I don’t know if this was in the mind of The Lion King’s creators, but in any case I think this is where the film works best. The story will be known by many, and this film pretty faithfully follows the path of the original cartoon film from 1994. Perhaps my memory is a little rose-tinted in regard to the original film, but for me, the voice actors and the music of this new version don’t match up. Sure, musical tastes will shift from one generation to the next, but overall I recall the 1994 film as jauntier, punchier and sharper in its overall delivery. Perhaps the time taken to show us the landscape in this film slowed down the storytelling too much.

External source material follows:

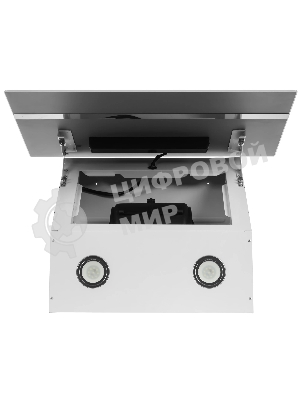 Вытяжка наклонная Elikor Rise WH 60 белый, 60 см, 750 куб. м/ч, 56 дБ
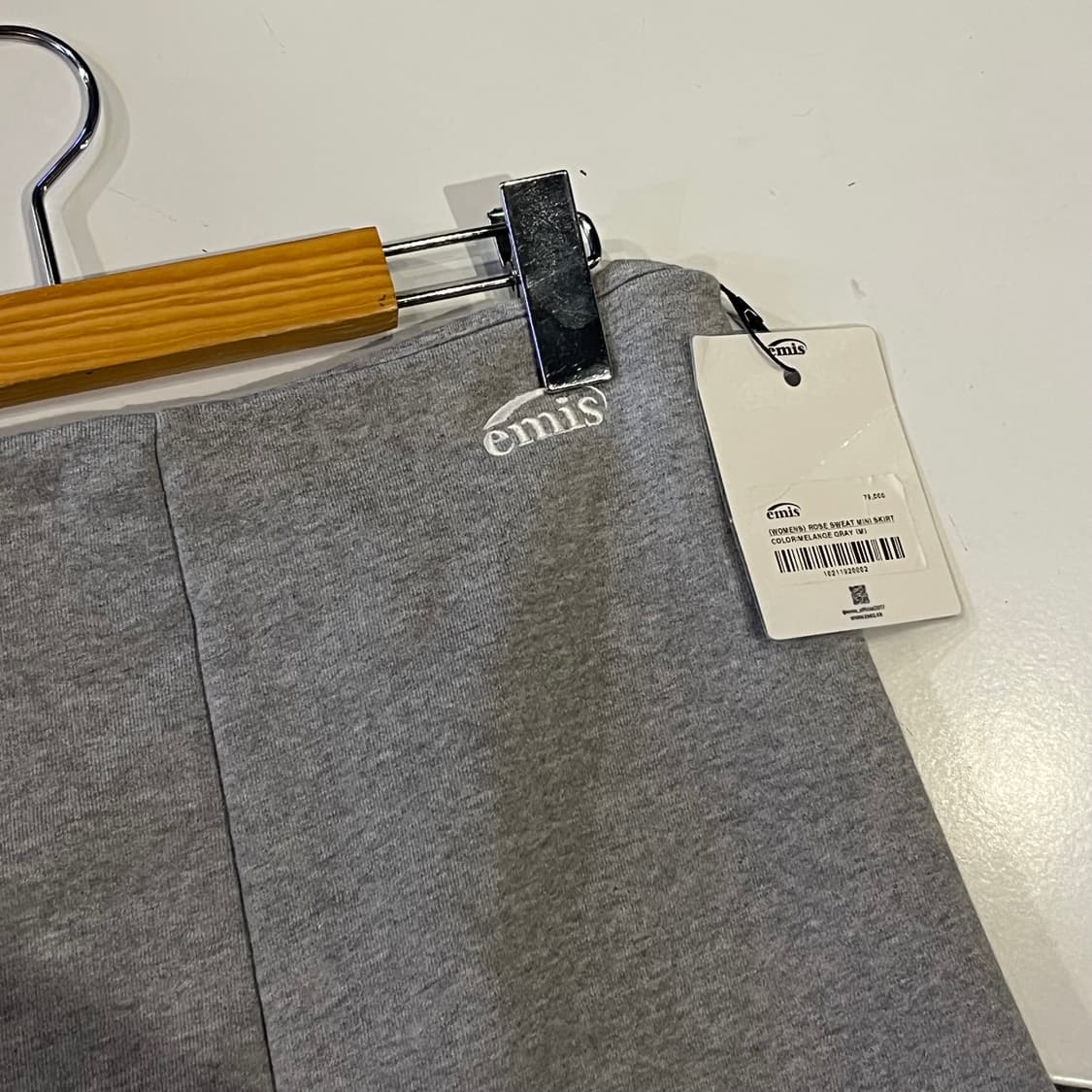 이미스 로즈 스웻 미니 스커트 멜란지 그레이 새상품 상품이미지5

Of the voice actors, I was particularly interested to see how transplanted Brit-into-the-USA John Oliver went in the role of Zazu. It took me a while to adjust to him, but in the end I found his almost manic urgency fitted the role rather well. And as for the film’s great comedic duo, Timon and Pumbaa, Billy Eichner and Seth Rogen again, after a slow start, get some momentum up. This was probably always going to be the hardest act to follow from 1994, and while I would still give it to Nathan Lane and Ernie Sabella on points, there’s not too much in it.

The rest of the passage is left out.